# REVIEW: SANDISK EXTREME 128GB



## grahamclarkphoto (Mar 30, 2013)

Does it hit the marketed throughput? *No*. What’s the actual formatted capacity? *128.83GB*. More details below. Also, you can find more information on this review here: http://www.grahamclarkphoto.com/review-sandisk-extreme-128gb/

Use Cases
The SanDisk Extreme product line is second fastest in the lineup, with the Extreme Pro clocking in nearly twice that or perhaps more at 90-95MB of advertised I/O. That's nearly twice the speed! However, the Extreme Pro does not have a 128GB capacity, so this is the only option for hitting that capacity range at the moment. For 95% of all use cases involving shooting images from camera to card, the Extreme is above spec, including 30-minute HD1080p footage. Shooters who might have this card are:


Casual Shooters
Wildlife Photographers
Wedding Photographers
Landscape Photographers
Action Sports Photographers
Commercial Photographers
Astrophotographers (and time-lapse photographers)
Anyone doesn't to have more than one card

Speed
All speed tests were on run on a 2013 MacBook Air internal SD card slot (450/450mb SDD 6gb/s), which is an interface on the main logic board so it doesn't adversely affect the tests results. Here is a disk whack speedtest run on Blackmagic Disk Speed Test: https://vimeo.com/60428348

35.5MB write, and 37.8MB read speeds are a bit below the advertised 45MB/sec, but still good for nearly all types of shooters. The average SD card speed is roughly half this, where normal falls somewhere between 16-20MB/sec. A finder block copy transfer of 500MB had approximately +3 MB on read/write.

Formatted Capcity - 127.85GB

The actual camera formatted capacity of the SanDisk Extreme 128GB SDXC card is 127.85GB. Awesome!

Overall Impressions
For still shooters, the SanDisk Extreme 128GB SD card is now the last card you'll probably need for the next 3-5 years. If you shoot 30MB RAW files, you can shoot 4,369 RAW images until this card becomes full. If your RAW images are 50MB each, you'll max this one at 2,621 images. 80% of cameras fall under 30MB per RAW file. For video shooters, multiple 30-minute clips can be shot in sequence with just a short break in-between.
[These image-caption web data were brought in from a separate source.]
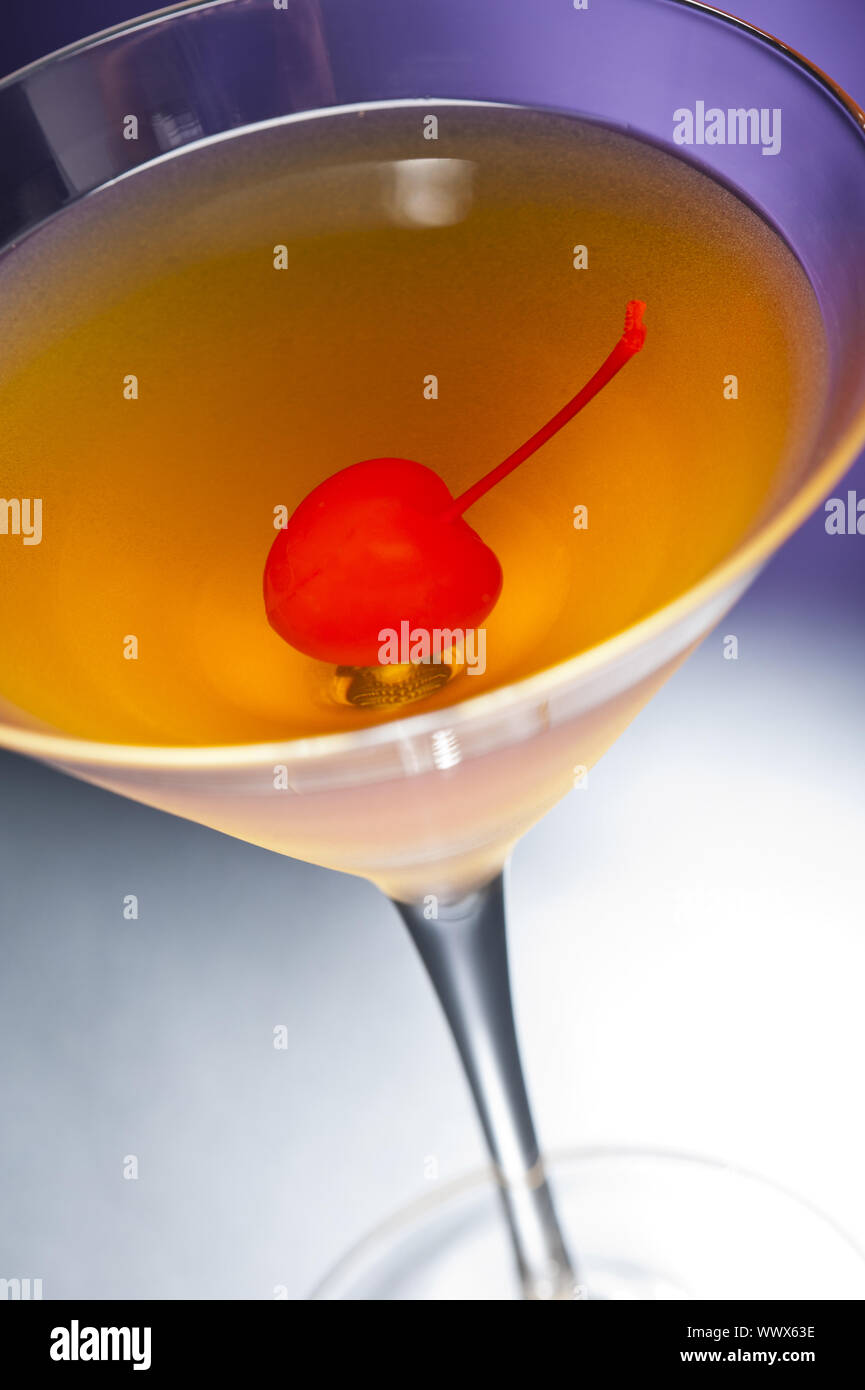 Robson Cocktail A image of a single Rob Roy Cocktail Stock Photo - Alamy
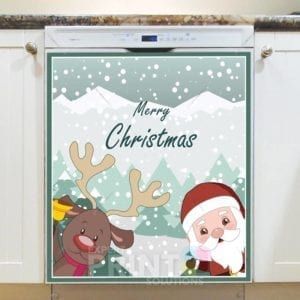 Christmas - Peeking Santa and Rudolph - Merry Christmas Dishwasher Sticker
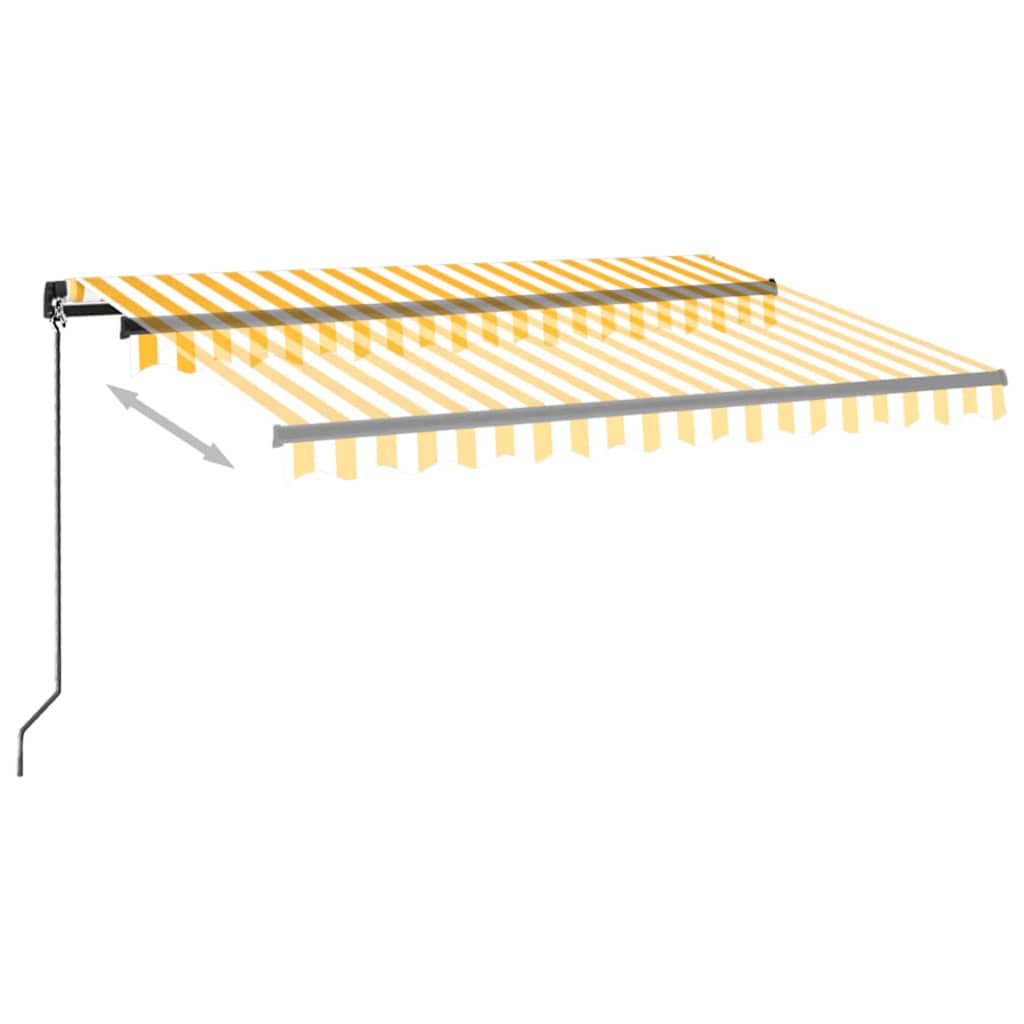 Vidaxl Luifel extensible manuellement avec LED 350x250 cm jaune et blanc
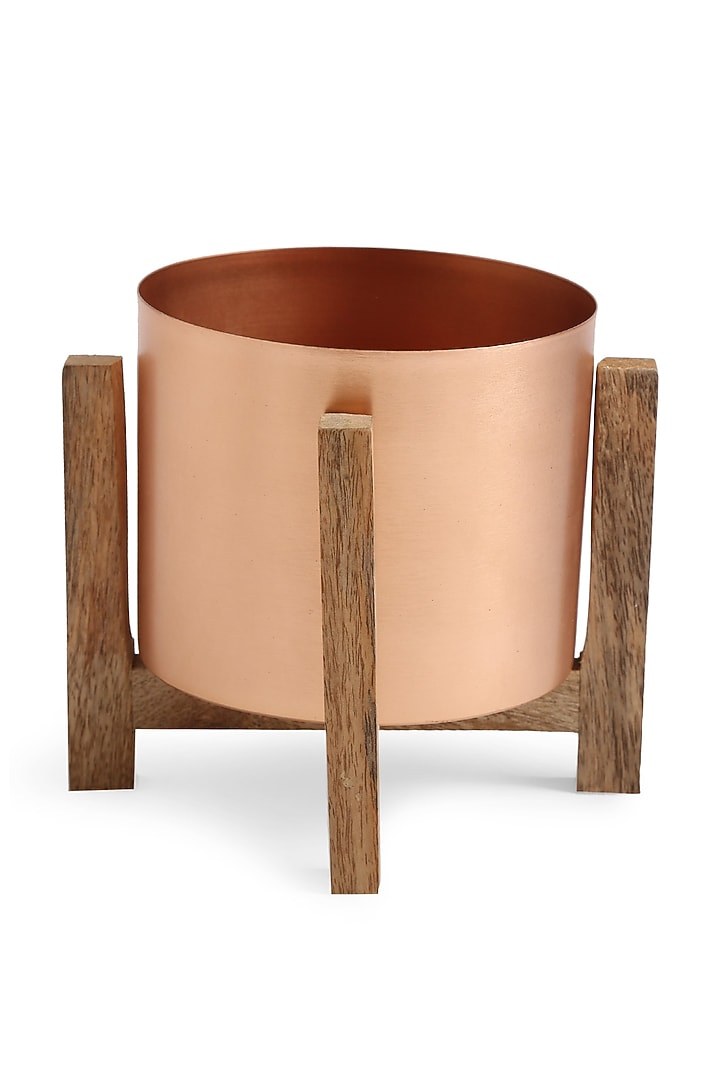 Copper Planter In Iron & Wood by Amoliconcepts at Pernia's Pop Up Shop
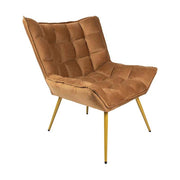 Barna színű bársonyszövettel kárpitozott, dizájn fotel.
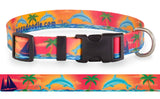 Dolphins Palm Trees &  Sailboats Orange Personalized Dog Collar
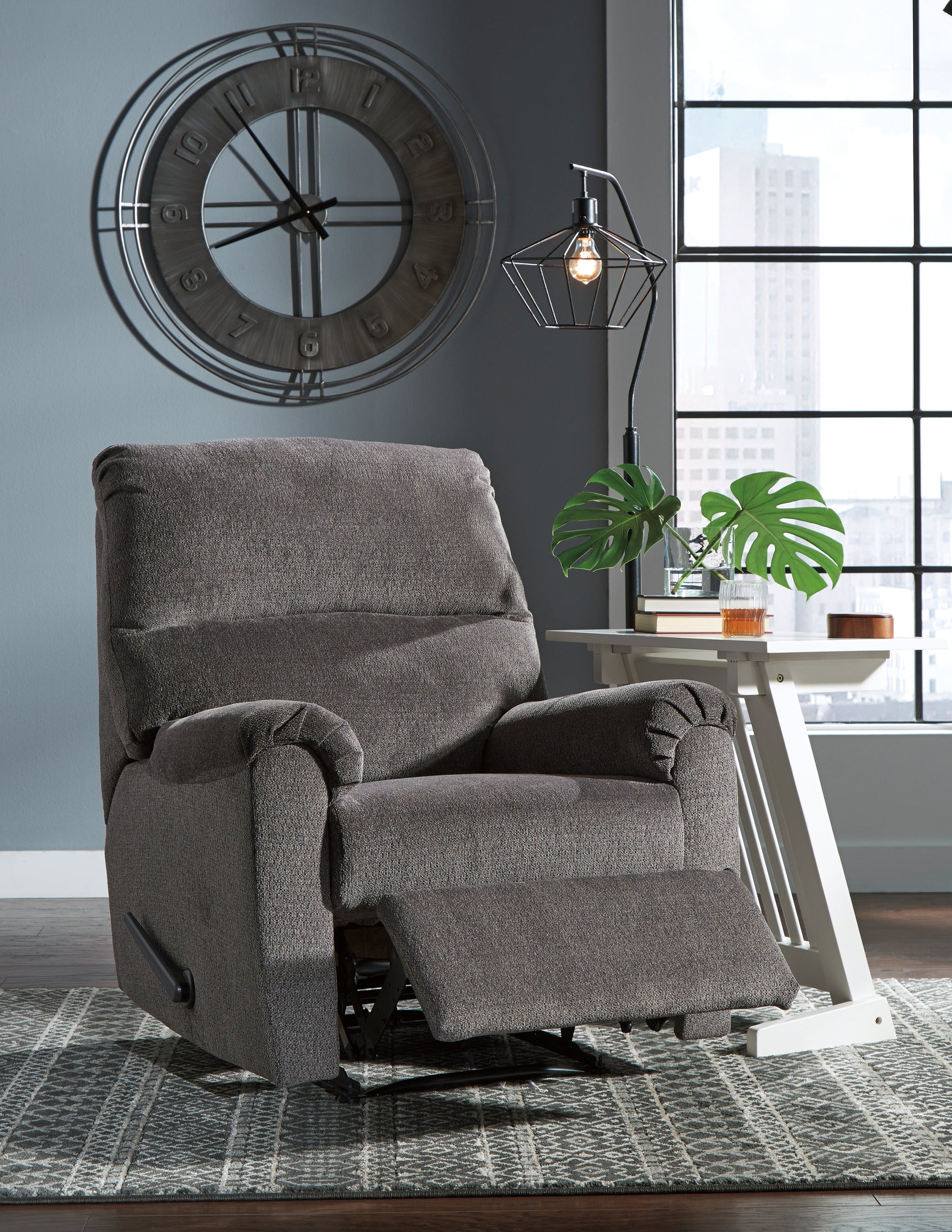 Nerviano Gray Manual Recliner (Online Special Price) - Ornate Home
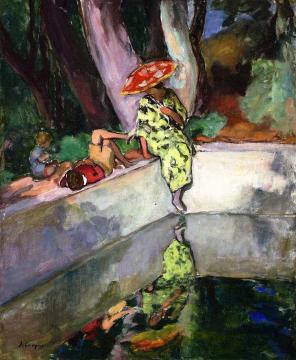 Le Pradet, Woman and Children by a Pool Artwork by Henri Lebasque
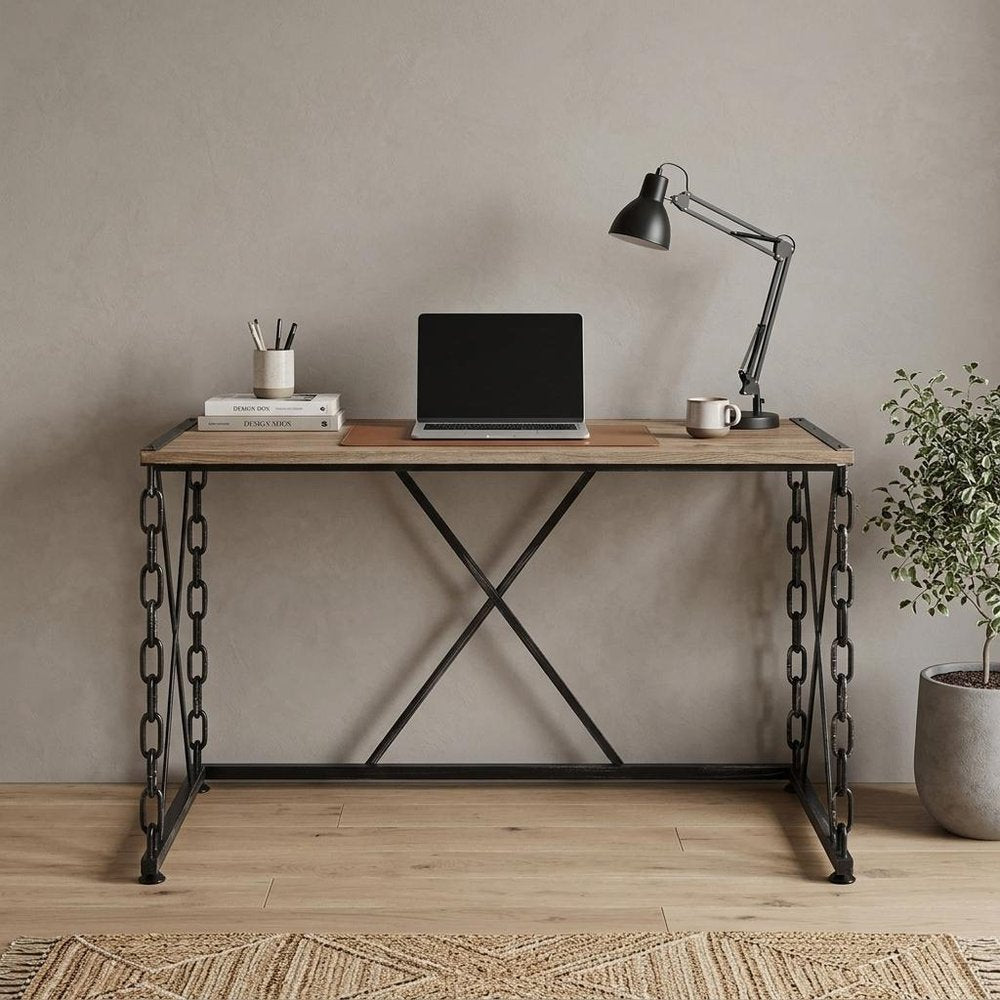 48" Brown and Black Computer Desk HomeRoots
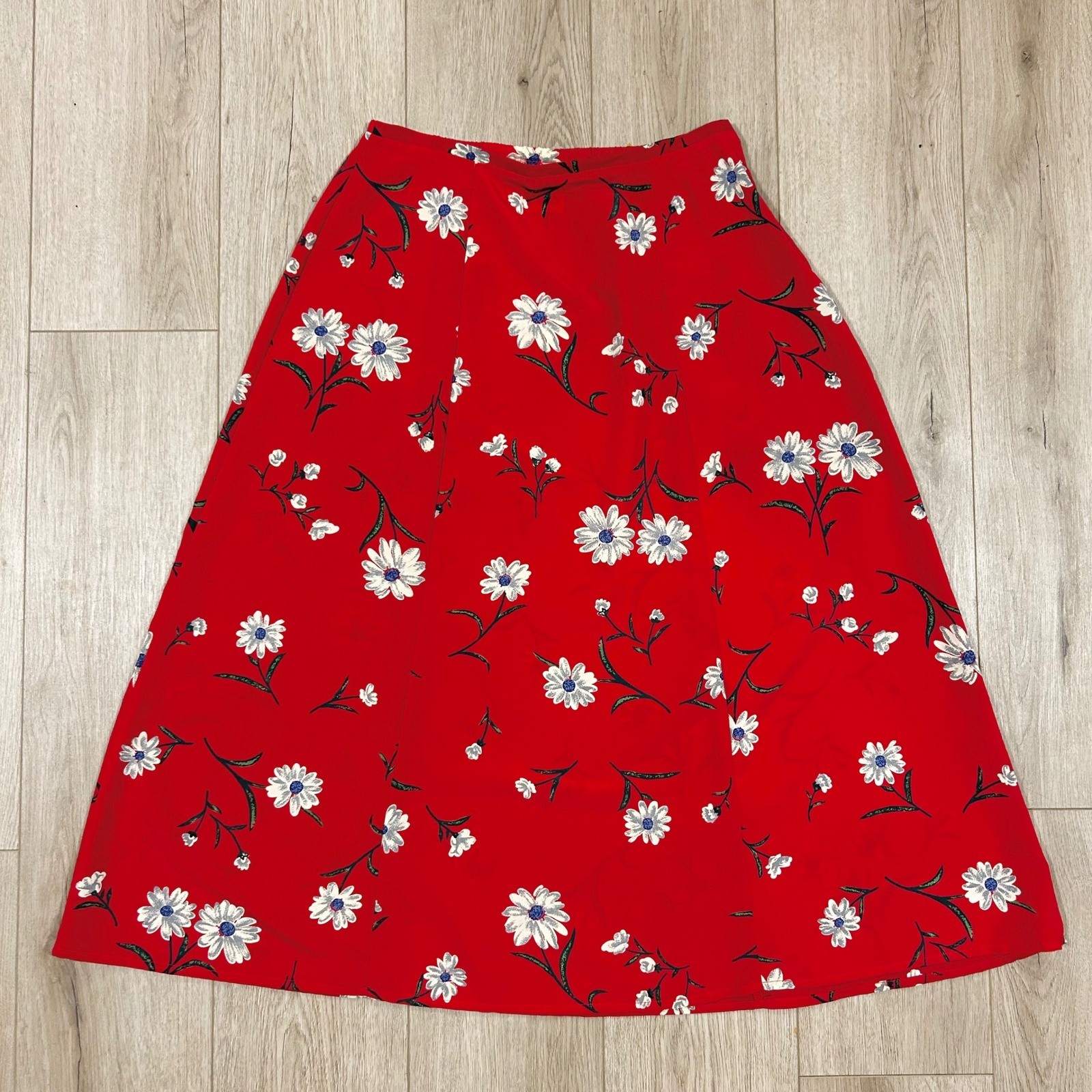 Kathy Ireland Vintage Red Floral Daisy Midi Skirt Womens Large 90s A-Line 30″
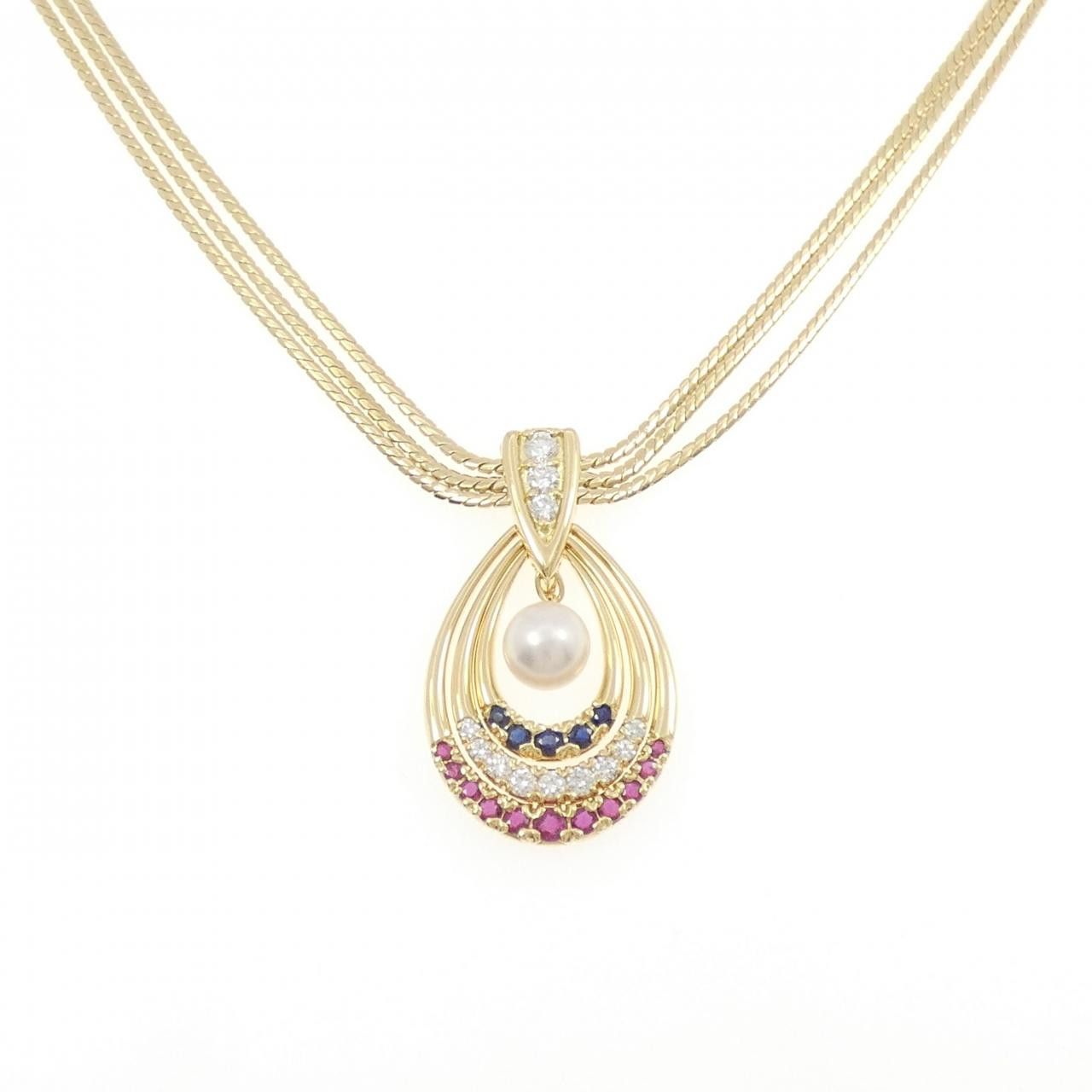 Mikimoto Mikimoto Mikimoto Au750 Color Stone Necklace Metal Necklace DUTY FREE for USA Size ONE SIZE - 1 Thumbnail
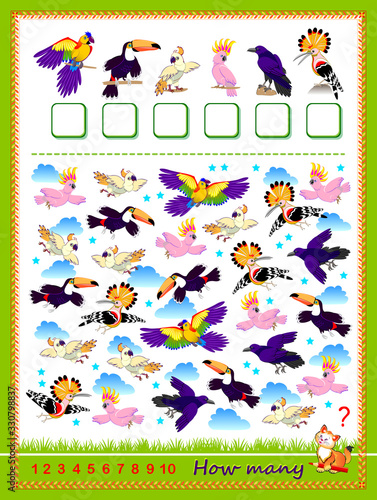 Math education for children. Count quantity of birds and write the numbers. Developing counting skills. Printable worksheet for kids textbook. Logic puzzle game. IQ test. Flat vector cartoon image.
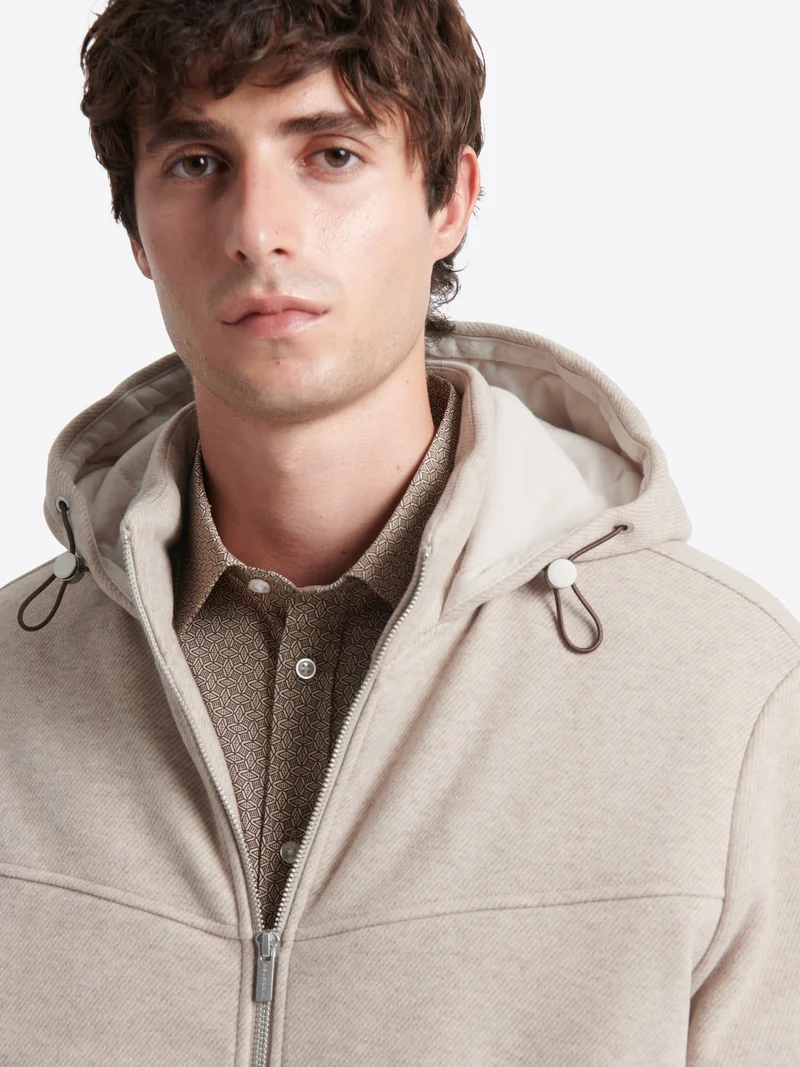Sweat à capuche faux-uni 100% coton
Wether you're going to be shooting stills or video, get the SanDisk Extreme 128GB over the Transcend 128GB SD TS128GS. It's only $30 more . For any capacities lower than 128GB, I recommend the Transcend as the price point as it's much less expensive and the speed/reliability is excellent.

If you have any questions or comments please don't hesitate to leave a comment below!

Graham


----------



## Mt Spokane Photography (Mar 30, 2013)

The values you report are not those that most users will see, since they only apply to a new unused or freshly erased card with a UHS-1 compatible camera or card reader..

There are some gotchas!

1. If your camera does not support UHS-1, the card runs at half speed, due to the bus speed being slow.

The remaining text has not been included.